This teriyaki tofu and broccoli bowl is a quick and easy weeknight meal that's packed with flavor. The tofu is crispy on the outside and tender on the inside, and the broccoli is cooked to perfection. The teriyaki sauce is sweet and savory, and it coats the tofu and broccoli perfectly. This bowl is a great way to get your vegetables in, and it's also a good source of protein.
This recipe was inspired by a trip I took to Japan a few years ago. I was obsessed with the teriyaki tofu and broccoli bowls I ate there, and I knew I had to recreate them at home. After a lot of trial and error, I finally came up with this recipe. It's not quite as good as the bowls I had in Japan, but it's pretty darn close.
Prep time: 15 | Cook time: 15 | Serves: 2
Ingredients
Extra firm tofu
Broccoli florets
Teriyaki sauce
Soy sauce (optional)
Vegetable stock or water
Sesame seeds (for garnish)
Green onions (for garnish)
Instructions
Press the tofu to remove excess water. Cut into cubes.

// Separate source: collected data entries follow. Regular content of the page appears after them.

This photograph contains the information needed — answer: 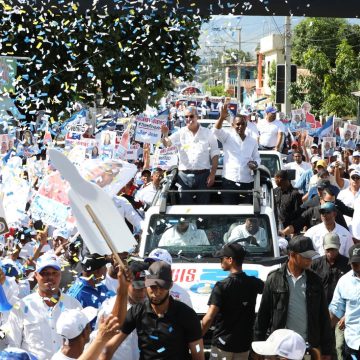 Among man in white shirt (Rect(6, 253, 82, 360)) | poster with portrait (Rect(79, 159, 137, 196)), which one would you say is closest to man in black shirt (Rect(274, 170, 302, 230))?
poster with portrait (Rect(79, 159, 137, 196))

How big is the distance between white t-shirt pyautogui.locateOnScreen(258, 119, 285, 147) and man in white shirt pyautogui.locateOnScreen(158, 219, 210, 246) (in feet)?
32.3

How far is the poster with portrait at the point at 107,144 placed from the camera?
55.2 feet

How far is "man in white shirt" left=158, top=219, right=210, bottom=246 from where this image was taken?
10906 millimetres

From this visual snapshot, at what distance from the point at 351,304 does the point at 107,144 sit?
9.05 m

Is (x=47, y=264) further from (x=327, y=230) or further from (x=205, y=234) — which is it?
(x=327, y=230)

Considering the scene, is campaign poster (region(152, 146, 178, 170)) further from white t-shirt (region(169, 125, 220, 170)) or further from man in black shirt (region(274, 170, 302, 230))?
white t-shirt (region(169, 125, 220, 170))

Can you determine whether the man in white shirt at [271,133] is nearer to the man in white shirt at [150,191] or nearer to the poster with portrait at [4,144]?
the man in white shirt at [150,191]

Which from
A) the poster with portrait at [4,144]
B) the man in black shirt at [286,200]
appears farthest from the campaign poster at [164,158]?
the poster with portrait at [4,144]

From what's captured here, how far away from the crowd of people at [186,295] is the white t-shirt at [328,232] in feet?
0.05

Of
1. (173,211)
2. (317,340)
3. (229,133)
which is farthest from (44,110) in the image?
(317,340)

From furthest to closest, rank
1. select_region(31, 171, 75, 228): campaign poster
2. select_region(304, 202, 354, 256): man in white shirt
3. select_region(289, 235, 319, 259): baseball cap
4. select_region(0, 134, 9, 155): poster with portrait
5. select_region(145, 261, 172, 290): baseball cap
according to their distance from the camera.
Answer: select_region(0, 134, 9, 155): poster with portrait
select_region(304, 202, 354, 256): man in white shirt
select_region(31, 171, 75, 228): campaign poster
select_region(289, 235, 319, 259): baseball cap
select_region(145, 261, 172, 290): baseball cap

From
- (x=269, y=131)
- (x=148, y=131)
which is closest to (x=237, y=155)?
(x=148, y=131)

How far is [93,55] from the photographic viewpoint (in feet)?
77.3

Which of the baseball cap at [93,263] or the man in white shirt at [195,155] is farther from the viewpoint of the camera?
the man in white shirt at [195,155]
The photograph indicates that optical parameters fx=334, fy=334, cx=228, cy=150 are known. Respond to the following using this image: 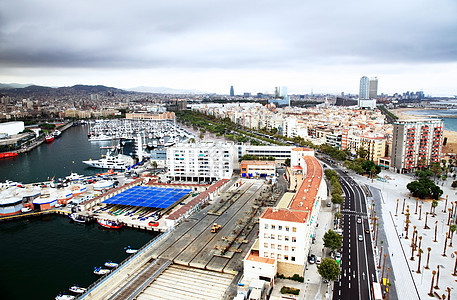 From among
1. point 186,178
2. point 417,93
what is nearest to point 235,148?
point 186,178

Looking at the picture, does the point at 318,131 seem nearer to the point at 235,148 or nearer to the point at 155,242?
the point at 235,148

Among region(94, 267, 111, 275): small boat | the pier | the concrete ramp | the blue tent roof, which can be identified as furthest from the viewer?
the blue tent roof

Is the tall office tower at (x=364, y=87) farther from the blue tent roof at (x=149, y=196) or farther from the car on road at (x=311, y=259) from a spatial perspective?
the car on road at (x=311, y=259)

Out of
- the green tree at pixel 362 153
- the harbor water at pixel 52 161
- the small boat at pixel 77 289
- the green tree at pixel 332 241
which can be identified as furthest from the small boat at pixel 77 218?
the green tree at pixel 362 153

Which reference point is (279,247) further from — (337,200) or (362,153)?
(362,153)

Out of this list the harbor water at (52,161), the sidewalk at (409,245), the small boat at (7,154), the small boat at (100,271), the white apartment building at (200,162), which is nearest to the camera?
the sidewalk at (409,245)

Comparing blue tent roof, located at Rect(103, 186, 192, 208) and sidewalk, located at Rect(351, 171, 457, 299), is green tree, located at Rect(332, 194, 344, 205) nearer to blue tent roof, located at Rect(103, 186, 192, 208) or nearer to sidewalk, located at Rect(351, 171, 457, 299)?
sidewalk, located at Rect(351, 171, 457, 299)

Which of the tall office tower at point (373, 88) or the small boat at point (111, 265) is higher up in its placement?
the tall office tower at point (373, 88)

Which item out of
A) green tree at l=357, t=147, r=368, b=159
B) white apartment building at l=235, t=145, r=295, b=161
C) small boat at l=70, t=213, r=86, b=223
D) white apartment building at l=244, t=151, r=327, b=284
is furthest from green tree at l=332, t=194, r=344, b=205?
small boat at l=70, t=213, r=86, b=223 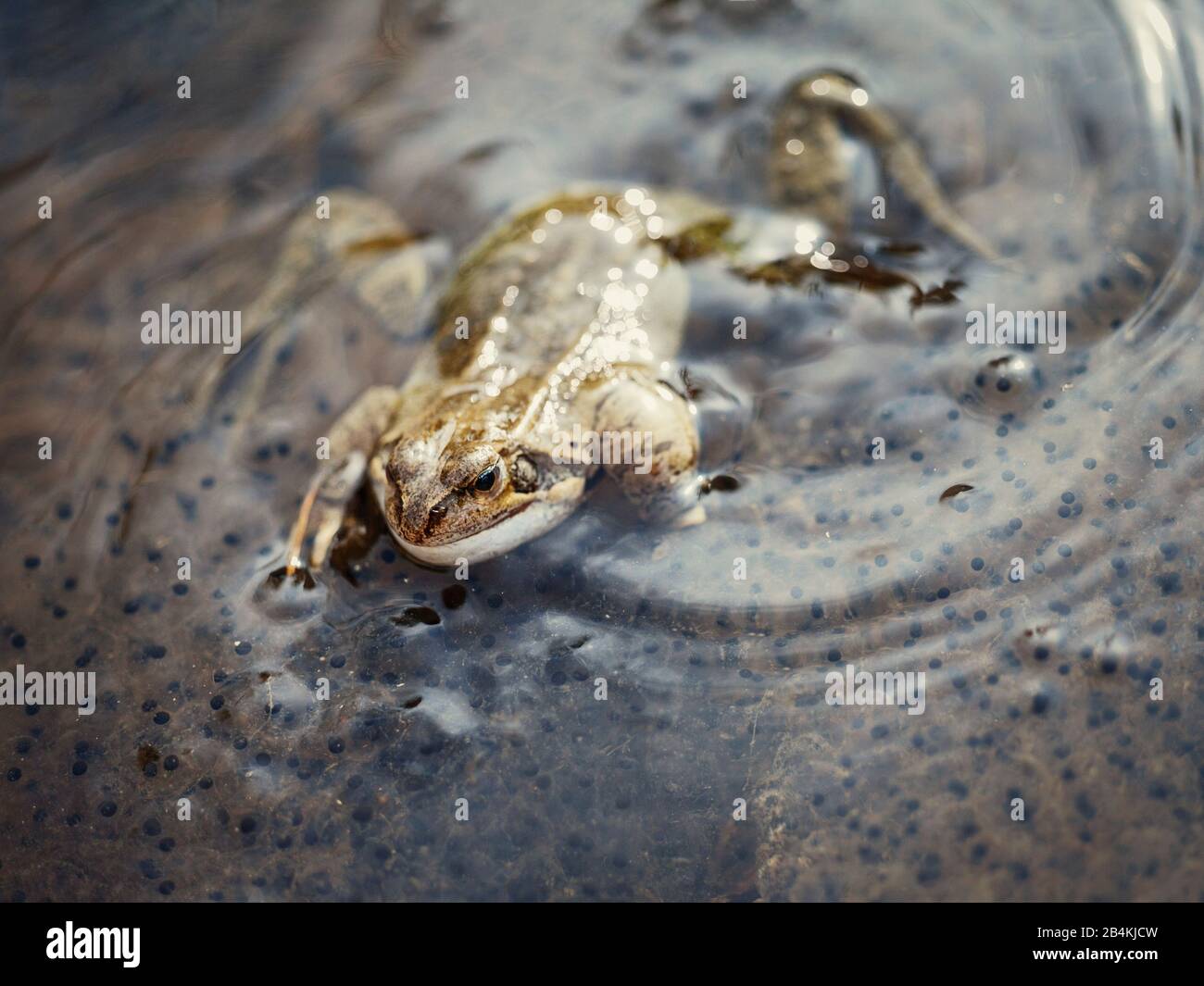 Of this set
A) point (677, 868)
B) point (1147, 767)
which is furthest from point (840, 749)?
point (1147, 767)

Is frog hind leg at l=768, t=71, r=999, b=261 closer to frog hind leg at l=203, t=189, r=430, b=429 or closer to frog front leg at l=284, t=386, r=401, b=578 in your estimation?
frog hind leg at l=203, t=189, r=430, b=429

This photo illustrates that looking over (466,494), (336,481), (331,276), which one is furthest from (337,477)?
(331,276)

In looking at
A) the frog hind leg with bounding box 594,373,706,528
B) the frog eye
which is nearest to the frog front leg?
the frog eye

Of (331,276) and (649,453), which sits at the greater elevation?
(331,276)

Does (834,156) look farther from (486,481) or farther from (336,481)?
(336,481)

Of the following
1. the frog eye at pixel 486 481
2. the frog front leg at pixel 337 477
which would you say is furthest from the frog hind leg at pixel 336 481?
the frog eye at pixel 486 481

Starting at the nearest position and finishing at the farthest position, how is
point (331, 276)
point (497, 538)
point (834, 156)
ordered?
point (497, 538) → point (331, 276) → point (834, 156)

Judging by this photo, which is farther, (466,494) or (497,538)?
(497,538) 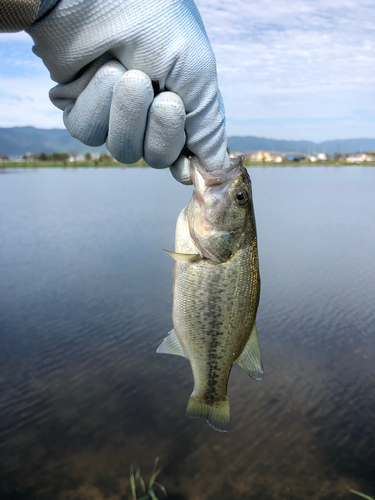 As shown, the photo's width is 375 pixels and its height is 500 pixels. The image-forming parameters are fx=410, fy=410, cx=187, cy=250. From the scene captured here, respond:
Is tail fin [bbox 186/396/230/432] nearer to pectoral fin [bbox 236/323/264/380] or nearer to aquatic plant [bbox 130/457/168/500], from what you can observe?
pectoral fin [bbox 236/323/264/380]

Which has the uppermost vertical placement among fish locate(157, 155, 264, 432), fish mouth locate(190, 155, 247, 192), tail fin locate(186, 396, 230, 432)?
Answer: fish mouth locate(190, 155, 247, 192)

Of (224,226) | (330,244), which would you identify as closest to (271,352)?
(224,226)

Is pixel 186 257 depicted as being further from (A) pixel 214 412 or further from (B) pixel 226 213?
(A) pixel 214 412

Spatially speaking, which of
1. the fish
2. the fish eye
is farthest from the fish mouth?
the fish eye

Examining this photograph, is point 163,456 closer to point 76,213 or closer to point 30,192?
point 76,213

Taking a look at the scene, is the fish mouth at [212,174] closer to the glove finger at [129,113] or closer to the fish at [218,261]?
the fish at [218,261] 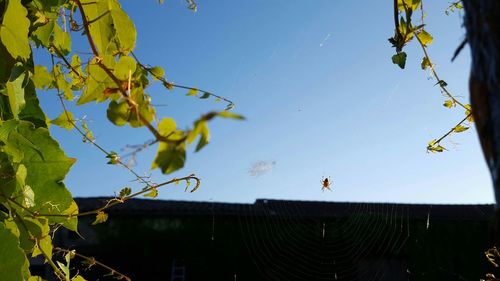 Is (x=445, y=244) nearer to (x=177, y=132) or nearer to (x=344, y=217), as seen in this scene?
(x=344, y=217)

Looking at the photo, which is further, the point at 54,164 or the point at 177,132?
the point at 54,164

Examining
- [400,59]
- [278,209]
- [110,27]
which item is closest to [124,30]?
[110,27]

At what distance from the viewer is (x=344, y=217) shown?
11102mm

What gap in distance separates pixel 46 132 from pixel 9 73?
128 millimetres

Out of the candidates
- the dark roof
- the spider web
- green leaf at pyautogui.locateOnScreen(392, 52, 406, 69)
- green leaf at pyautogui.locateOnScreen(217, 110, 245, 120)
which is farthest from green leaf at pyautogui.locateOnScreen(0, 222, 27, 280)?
the dark roof

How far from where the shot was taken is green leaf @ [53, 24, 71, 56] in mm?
1213

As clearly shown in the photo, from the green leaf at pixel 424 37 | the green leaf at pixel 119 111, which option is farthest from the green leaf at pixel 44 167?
the green leaf at pixel 424 37

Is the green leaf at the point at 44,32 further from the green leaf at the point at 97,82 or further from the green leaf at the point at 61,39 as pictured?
the green leaf at the point at 97,82

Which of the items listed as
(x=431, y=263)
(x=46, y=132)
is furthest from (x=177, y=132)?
(x=431, y=263)

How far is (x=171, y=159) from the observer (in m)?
0.40

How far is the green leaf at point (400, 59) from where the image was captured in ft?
3.76

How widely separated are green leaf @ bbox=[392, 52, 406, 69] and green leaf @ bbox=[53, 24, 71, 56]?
0.71 metres

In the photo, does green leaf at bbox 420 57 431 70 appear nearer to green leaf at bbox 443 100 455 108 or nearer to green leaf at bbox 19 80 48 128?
green leaf at bbox 443 100 455 108

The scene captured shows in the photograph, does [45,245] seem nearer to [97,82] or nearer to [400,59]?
[97,82] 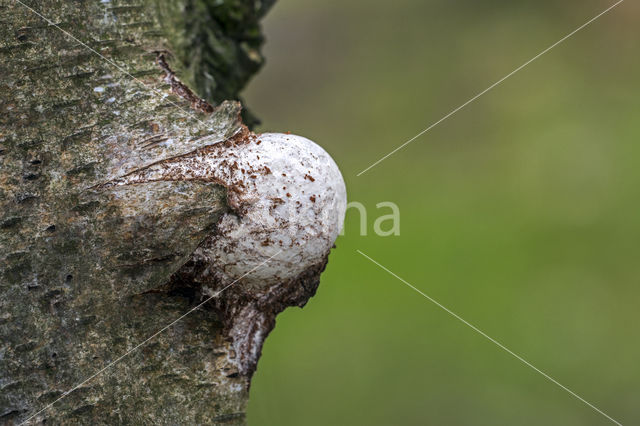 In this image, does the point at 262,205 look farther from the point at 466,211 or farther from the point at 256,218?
the point at 466,211

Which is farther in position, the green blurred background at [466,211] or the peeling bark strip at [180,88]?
the green blurred background at [466,211]

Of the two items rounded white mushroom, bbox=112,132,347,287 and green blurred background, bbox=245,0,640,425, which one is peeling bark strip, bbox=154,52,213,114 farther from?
green blurred background, bbox=245,0,640,425

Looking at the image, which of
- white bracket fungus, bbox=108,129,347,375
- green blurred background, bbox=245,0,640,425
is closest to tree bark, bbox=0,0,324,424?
white bracket fungus, bbox=108,129,347,375

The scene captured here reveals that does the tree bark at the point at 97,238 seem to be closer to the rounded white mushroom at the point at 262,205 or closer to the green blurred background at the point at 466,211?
the rounded white mushroom at the point at 262,205

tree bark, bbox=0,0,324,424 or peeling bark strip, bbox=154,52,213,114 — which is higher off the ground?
peeling bark strip, bbox=154,52,213,114

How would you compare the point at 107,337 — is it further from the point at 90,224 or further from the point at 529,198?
the point at 529,198

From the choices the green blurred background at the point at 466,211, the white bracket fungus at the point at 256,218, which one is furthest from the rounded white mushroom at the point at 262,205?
the green blurred background at the point at 466,211

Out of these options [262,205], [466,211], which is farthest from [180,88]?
[466,211] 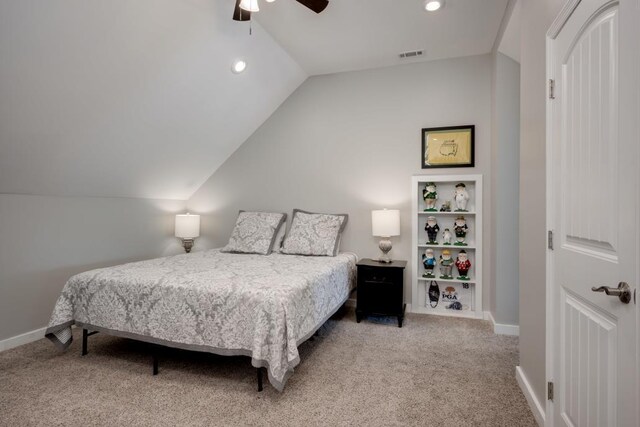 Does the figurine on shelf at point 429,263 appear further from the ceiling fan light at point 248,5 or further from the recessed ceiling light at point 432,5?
the ceiling fan light at point 248,5

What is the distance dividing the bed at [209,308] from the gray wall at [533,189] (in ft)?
4.39

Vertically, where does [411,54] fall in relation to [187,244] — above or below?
above

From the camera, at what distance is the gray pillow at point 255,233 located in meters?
3.78

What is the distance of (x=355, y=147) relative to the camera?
3980 mm

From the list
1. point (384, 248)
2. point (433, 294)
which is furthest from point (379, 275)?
point (433, 294)

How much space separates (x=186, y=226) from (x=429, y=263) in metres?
2.93

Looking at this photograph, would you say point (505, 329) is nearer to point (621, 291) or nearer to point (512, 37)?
point (621, 291)

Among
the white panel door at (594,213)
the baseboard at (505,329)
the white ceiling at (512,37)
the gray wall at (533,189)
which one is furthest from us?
the baseboard at (505,329)

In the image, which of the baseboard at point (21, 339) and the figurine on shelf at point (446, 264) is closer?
the baseboard at point (21, 339)

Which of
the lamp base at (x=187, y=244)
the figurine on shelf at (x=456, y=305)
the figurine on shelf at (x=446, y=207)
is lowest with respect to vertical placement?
the figurine on shelf at (x=456, y=305)

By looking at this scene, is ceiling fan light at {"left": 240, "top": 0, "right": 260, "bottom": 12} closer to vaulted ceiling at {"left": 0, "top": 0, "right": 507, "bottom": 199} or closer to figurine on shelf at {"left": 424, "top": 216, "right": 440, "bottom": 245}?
vaulted ceiling at {"left": 0, "top": 0, "right": 507, "bottom": 199}

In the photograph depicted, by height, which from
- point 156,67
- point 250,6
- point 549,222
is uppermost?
point 250,6

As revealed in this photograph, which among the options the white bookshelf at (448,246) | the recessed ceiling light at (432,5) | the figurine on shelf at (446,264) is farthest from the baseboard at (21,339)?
the recessed ceiling light at (432,5)

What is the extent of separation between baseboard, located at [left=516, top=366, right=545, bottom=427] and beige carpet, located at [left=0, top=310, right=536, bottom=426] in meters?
0.04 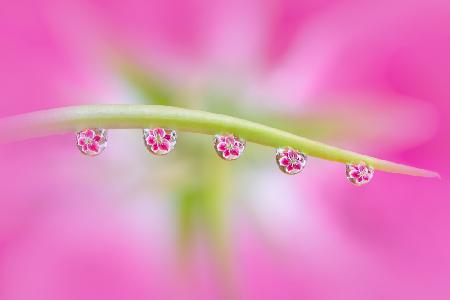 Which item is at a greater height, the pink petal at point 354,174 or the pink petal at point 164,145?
the pink petal at point 164,145

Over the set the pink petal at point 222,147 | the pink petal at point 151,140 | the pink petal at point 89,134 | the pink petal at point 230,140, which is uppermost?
the pink petal at point 89,134

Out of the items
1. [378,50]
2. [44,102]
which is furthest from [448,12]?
[44,102]

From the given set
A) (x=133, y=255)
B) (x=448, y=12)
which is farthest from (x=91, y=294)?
(x=448, y=12)

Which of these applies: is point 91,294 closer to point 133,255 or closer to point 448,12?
point 133,255

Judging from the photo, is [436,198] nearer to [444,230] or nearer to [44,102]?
[444,230] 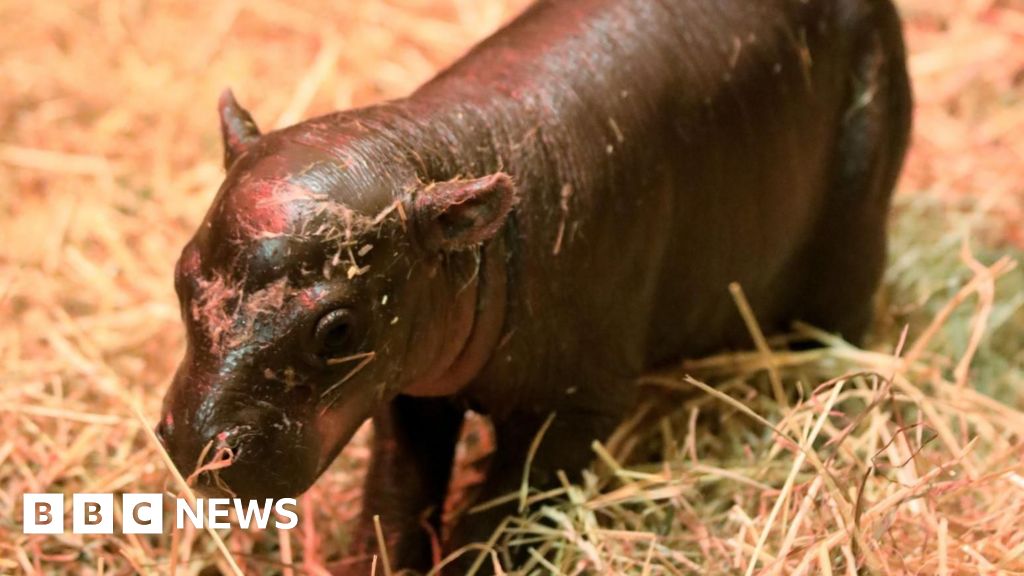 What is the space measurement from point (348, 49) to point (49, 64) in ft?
3.22

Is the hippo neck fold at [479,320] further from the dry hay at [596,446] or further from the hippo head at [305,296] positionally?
the dry hay at [596,446]

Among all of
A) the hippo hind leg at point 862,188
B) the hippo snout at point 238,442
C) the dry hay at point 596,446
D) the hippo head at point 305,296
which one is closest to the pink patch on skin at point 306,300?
the hippo head at point 305,296

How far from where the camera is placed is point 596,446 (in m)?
2.21

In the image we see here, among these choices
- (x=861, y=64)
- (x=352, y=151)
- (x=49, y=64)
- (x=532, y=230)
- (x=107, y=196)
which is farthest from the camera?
(x=49, y=64)

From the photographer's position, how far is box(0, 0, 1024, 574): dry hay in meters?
2.08

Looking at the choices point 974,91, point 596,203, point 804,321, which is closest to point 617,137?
point 596,203

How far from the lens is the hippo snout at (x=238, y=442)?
67.9 inches

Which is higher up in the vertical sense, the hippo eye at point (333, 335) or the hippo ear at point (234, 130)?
the hippo ear at point (234, 130)

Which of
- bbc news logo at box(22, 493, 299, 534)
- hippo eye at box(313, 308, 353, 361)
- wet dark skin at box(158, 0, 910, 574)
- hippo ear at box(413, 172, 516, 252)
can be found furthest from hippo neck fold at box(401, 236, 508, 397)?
bbc news logo at box(22, 493, 299, 534)

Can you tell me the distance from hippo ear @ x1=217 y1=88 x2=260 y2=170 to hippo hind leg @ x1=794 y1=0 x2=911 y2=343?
4.16 ft

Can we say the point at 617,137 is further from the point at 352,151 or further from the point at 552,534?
the point at 552,534

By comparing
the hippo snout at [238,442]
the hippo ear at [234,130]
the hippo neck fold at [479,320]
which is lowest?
the hippo snout at [238,442]

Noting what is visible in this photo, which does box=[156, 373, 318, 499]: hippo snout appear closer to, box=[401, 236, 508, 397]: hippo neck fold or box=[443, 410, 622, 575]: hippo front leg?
box=[401, 236, 508, 397]: hippo neck fold

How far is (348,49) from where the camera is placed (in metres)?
4.04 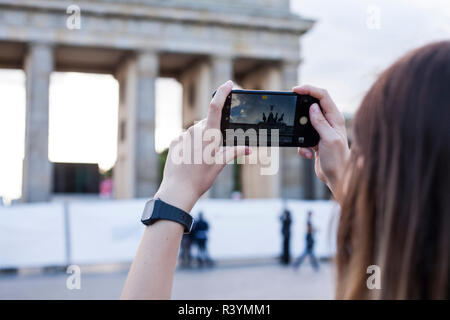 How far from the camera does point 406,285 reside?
49.1 inches

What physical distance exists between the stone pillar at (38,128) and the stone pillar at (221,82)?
11.5 metres

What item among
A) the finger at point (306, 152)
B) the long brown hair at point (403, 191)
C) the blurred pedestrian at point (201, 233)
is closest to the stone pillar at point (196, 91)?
the blurred pedestrian at point (201, 233)

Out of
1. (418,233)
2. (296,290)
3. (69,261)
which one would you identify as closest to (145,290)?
(418,233)

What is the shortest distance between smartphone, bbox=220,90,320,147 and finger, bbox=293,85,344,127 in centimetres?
4

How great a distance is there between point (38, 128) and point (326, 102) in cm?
3616

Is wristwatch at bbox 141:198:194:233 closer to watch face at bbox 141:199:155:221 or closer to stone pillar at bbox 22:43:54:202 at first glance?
watch face at bbox 141:199:155:221

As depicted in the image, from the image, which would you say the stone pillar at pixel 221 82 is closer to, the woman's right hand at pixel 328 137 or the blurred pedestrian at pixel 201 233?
the blurred pedestrian at pixel 201 233

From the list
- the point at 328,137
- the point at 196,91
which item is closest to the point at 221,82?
the point at 196,91

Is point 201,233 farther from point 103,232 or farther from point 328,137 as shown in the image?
point 328,137

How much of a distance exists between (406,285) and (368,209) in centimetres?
21

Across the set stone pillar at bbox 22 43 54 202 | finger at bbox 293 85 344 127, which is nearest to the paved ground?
finger at bbox 293 85 344 127

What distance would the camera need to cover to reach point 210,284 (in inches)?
577

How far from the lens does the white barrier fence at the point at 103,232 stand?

Heat a large skillet or wok over medium-high heat. Add the tofu and cook until browned on all sides.
Add the broccoli florets and cook until tender but still slightly crisp.
Pour in the teriyaki sauce and soy sauce (if using). Bring to a simmer and cook until the sauce has thickened and the tofu and broccoli are coated.
If the sauce is too thick, add a splash of vegetable stock or water.
Serve the teriyaki tofu and broccoli over a bed of rice.
Garnish with sesame seeds and green onions.
Why It Works
The tofu is pressed to remove excess water, which helps it to brown and crisp up in the pan.
The broccoli is cooked until tender but still slightly crisp, which gives it a great texture.
The teriyaki sauce is made with a combination of soy sauce, mirin, and brown sugar, which gives it a sweet and savory flavor.
The bowl is served over a bed of rice, which helps to absorb the sauce and make the dish more filling.